### The data:
════════

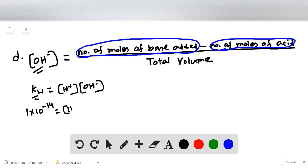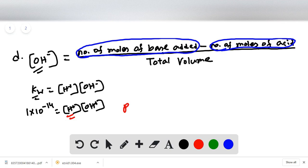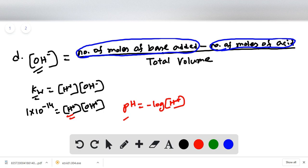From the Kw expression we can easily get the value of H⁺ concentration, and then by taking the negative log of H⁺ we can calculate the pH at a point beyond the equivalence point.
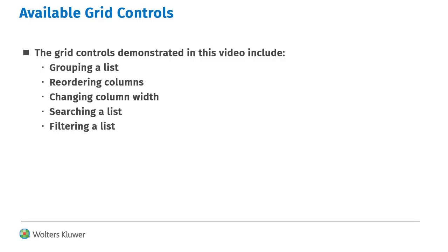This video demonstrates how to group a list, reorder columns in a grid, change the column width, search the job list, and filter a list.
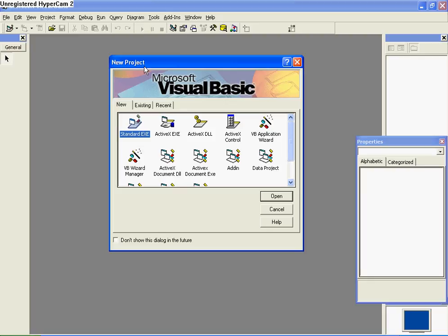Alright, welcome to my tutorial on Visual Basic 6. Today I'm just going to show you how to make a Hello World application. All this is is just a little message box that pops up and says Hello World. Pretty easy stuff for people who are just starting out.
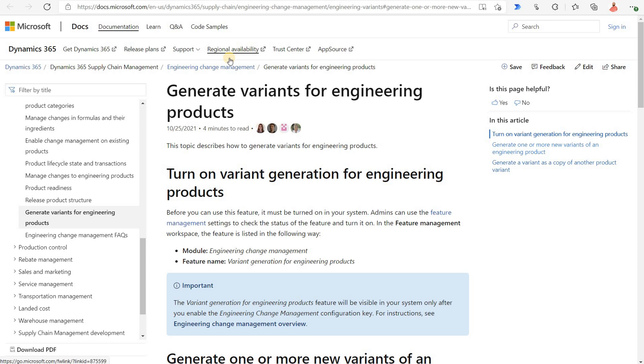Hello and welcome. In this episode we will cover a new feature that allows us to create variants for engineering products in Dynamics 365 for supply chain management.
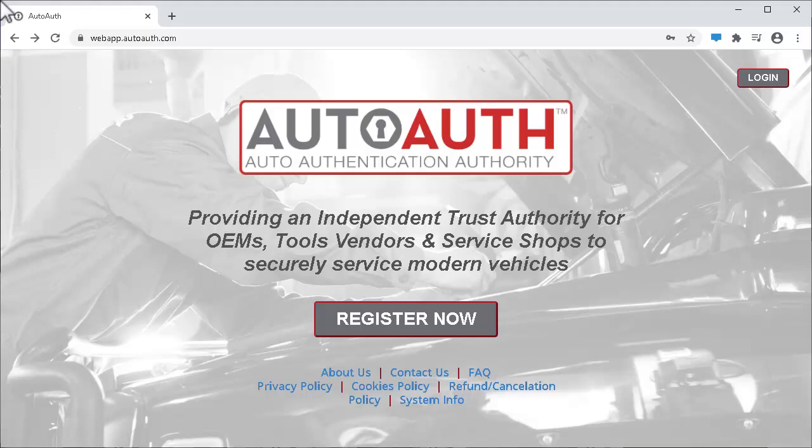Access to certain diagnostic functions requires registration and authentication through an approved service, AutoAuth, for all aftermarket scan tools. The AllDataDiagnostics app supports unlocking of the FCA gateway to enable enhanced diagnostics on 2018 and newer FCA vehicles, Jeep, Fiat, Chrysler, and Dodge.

════════

### Assignment:
If an entry contains a picture, skip the picture and reproduce everything else exactly.

### Response to the exercise:
From the Kw expression we can easily get the value of H⁺ concentration, and then by taking the negative log of H⁺ we can calculate the pH at a point beyond the equivalence point.
This video demonstrates how to group a list, reorder columns in a grid, change the column width, search the job list, and filter a list.
Alright, welcome to my tutorial on Visual Basic 6. Today I'm just going to show you how to make a Hello World application. All this is is just a little message box that pops up and says Hello World. Pretty easy stuff for people who are just starting out.
Hello and welcome. In this episode we will cover a new feature that allows us to create variants for engineering products in Dynamics 365 for supply chain management.
Access to certain diagnostic functions requires registration and authentication through an approved service, AutoAuth, for all aftermarket scan tools. The AllDataDiagnostics app supports unlocking of the FCA gateway to enable enhanced diagnostics on 2018 and newer FCA vehicles, Jeep, Fiat, Chrysler, and Dodge.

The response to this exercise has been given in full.